Following completion of OPITO approved Basic Offshore Safety Induction and Emergency Training (BOSIET) R-TECH are now able to offer offshore metallurgical inspection support, including metallographic replication in addition to hardness testing and material identification.
Onsite metallurgical replication is an adaptable tool that can be used for the identification and characterisation of a wide range of metallurgical degradation mechanisms and defects. In essence this technique enables a carbon copy of the underlying material microstructure, without requiring the removal of a physical sample. The technique can characterise the underlying microstructure of various metals i.e. carbon steel, alloy steel, stainless steel (duplex, austenitic, ferritic, martensitic and precipitation hardened), nickel-based alloys and so on, enabling an assessment of any material degradation. In the context of high temperature plant, this technique is commonly used to identify carbide degradation and creep damage within carbon and low alloy steels. The technique is also valuable for characterising defects/cracks in-situ; examining the crack morphology i.e. whether it has propagated in a transgranular or intergranular manner, whether the cracking is associated with a deposit and whether the surrounding microstructure differs to bulk microstructure. These observations can then assist with understanding the cause of a particular defect or crack.

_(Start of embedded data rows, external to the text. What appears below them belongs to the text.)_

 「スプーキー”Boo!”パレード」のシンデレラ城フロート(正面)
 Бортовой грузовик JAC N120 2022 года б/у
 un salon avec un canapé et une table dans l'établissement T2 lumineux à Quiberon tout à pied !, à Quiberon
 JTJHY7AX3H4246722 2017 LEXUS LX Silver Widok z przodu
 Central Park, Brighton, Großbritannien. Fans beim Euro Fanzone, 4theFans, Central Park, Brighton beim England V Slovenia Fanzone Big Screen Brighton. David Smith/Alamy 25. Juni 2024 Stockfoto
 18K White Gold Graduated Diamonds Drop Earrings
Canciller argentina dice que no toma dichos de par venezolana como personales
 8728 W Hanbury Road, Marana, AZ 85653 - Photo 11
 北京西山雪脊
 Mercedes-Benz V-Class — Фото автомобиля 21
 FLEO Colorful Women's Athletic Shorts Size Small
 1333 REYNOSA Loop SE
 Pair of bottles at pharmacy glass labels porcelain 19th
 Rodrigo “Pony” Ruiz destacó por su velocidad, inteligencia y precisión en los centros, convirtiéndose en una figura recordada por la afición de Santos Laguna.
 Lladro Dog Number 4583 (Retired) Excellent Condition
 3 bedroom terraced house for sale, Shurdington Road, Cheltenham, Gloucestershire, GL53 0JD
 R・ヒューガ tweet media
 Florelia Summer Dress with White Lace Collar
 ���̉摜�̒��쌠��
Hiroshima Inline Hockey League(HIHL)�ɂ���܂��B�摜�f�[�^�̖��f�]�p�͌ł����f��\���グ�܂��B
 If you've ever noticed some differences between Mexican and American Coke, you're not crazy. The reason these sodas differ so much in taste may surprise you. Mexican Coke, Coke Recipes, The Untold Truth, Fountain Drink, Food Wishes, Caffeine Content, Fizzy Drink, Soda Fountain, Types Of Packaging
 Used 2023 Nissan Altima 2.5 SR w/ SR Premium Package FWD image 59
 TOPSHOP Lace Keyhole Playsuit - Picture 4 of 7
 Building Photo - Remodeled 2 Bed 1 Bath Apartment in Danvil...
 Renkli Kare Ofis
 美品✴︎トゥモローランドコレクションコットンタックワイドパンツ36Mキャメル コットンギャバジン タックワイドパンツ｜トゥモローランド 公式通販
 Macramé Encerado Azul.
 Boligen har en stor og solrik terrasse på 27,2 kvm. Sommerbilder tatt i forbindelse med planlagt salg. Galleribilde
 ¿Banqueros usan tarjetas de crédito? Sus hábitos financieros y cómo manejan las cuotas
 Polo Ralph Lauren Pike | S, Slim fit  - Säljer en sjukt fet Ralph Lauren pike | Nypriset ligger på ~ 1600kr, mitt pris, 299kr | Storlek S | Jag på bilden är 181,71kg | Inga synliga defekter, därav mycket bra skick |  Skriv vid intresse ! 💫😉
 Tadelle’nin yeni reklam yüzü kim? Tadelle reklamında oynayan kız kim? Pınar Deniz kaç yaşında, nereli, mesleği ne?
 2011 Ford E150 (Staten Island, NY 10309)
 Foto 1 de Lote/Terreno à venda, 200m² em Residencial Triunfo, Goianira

Hardness testing can provide a quick and relatively non-invasive measurement of the mechanical properties of a variety of materials. Portable hardness testing can be undertaken in-situ as part of a condition assessment of various components, without requiring the removal of a physical sample. For example, it can assist with determining the presence of localised differences in hardness associated with cracks or defects. It can also help to identify the presence of alpha prime in duplex stainless steel which leads to embrittlement. Hardness testing can also provide an indication of loss of strength in carbon/low alloy steels due to the microstructural changes which occur upon exposure to elevated temperature. Filings of a component can also be taken to obtain a fully quantitative chemical composition to verify the material grade.
The output of metallographic replication and portable hardness testing can be utilised to determine the useful remaining life of critical equipment, and as such it bears significant influence upon plant safety, the continuity of plant operations and capital investment decisions.